Come ti sei trovato da non romano a fare un film su Roma, in un ambiente come quello del cinema che è tra i più romani in assoluto?
In realtà è come se fossi stato portato in un luogo molto lontano da Roma. Tant’è vero che sono andato ad abitare su al castello per tanto tempo. Ho cominciato lì perché era un “Bed & Brefas” [storpia il nome come fa il personaggio del film] vicino al Raccordo. Da lì partivo, tornavo… Ho portato lì gli studenti della scuola svizzera dove insegno. Era anche un periodo in cui mi stavo separando ed era come andare via da tutto; non avevo nemmeno casa. Ogni tanto dicevo “domani vado a Roma”, che era come prendere l’aereo e partire per un posto lontano. Il Raccordo in effetti è come una terra lontana da tutto.
È anche un film in cui ci sono tanti momenti di comicità.
Qualcuno l’ha definito un documentario-commedia all’italiana. In effetti si deve ridere, però ci sono anche momenti commoventi.
Il film è anche una riflessione interessante sull’urbanistica che evita i tecnicismi della disciplina. Un luogo anonimo come un raccordo autostradale diventa un luogo di negoziazione di storie.
E di tanti futuri possibili. Il titolo del film-ritratto che ho realizzato su Nicolini, dedicato a questo giro che abbiamo fatto insieme, infatti si chiama “Tanti futuri possibili”. Che sono quelli del Raccordo.

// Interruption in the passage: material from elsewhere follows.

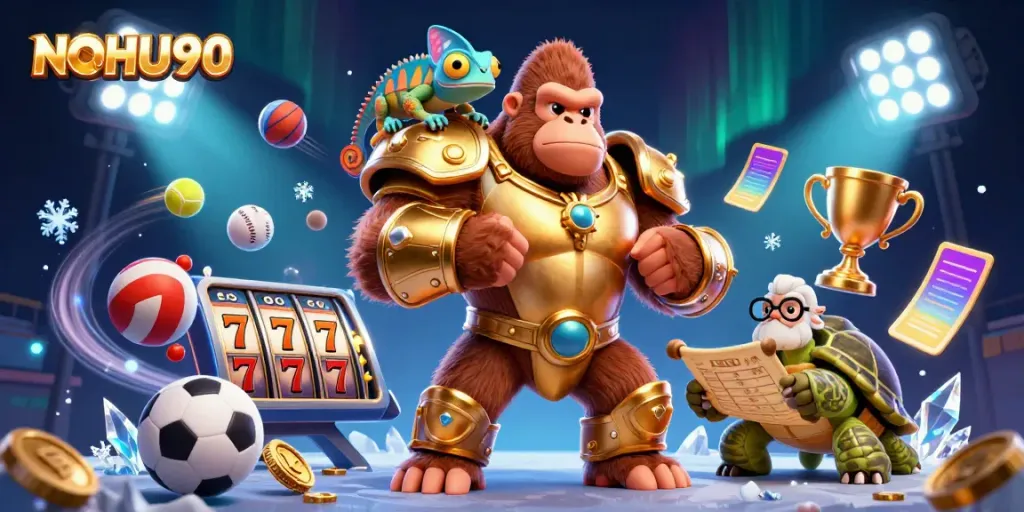 Experience dynamic gaming action with NOHU90, showcasing a gorilla king and thrilling slot elements.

Molti film contemporanei, soprattutto documentari, decidono di raccontare una storia da un punto di vista eccentrico o marginale. Mi pare che ci sia una certa difficoltà a raccontare il centro e la totalità delle cose. Il tuo film, invece, nonostante il luogo in cui è girato, tenta – come dicevi tu prima - di porsi nell’ottica di una possibile universalità della storia.
Sono d’accordo con quello che hai detto. Ma infatti il cinema che cos’è? È trasformazione. Per filmare la realtà, la realtà deve essere trasformata, perché ci deve essere una metafora. Un film è la metafora di una storia che vogliamo raccontare: se non c’è metafora non c’è cinema. Anche quando è documentario. Ce lo insegna Grierson, ce lo insegna Flaherty, ce lo insegna Lumière. Poi ci siamo incartati con il reportage, con l’osservazione, etc. C’è senz’altro anche tanta gente brava nel documentario. Però tutto quello che giro io lo penso per il grande schermo, non per la televisione. Penso in modo un po’ megalomane [ride] di avere una Arriflex, una Panavision 35mm e ogni fotogramma ha un peso enorme.
Come ti sei sentito, dopo tanti anni di lavoro all’estero, a tornare in Italia?
Ho fatto come se fossi ancora all’estero! Ho imparato ad amare Roma grazie al Raccordo Anulare. Sono scappato dal pantano romano e ho trovato questo luogo che mi ha fatto amare Roma.
E in termini produttivi?
Il mio produttore è stato generoso a lasciarmi il tempo e a non intervenire mai in nessuna forma nel film, forse anche troppo! [ride] Da quando ho detto di sì al progetto sono passati tre anni. Il primo anno è stato di ambientamento, poi c’è stato un anno e mezzo di girato e sei/sette mesi di montaggio.
Quanto materiale avevi quando hai iniziato il montaggio?
200 ore, però sui personaggi avevo 30 ore, forse. Ho girato tantissimo i luoghi per poi non usarli. C’è pochissimo di quel girato nel film. Ho ripreso molto i quartieri e poi ho buttato via tutto perché non volevo che il film avesse una mappatura. Mi serviva per orientarmi e per poter poi buttare via tutto. Puoi perderti solo quando sai la strada.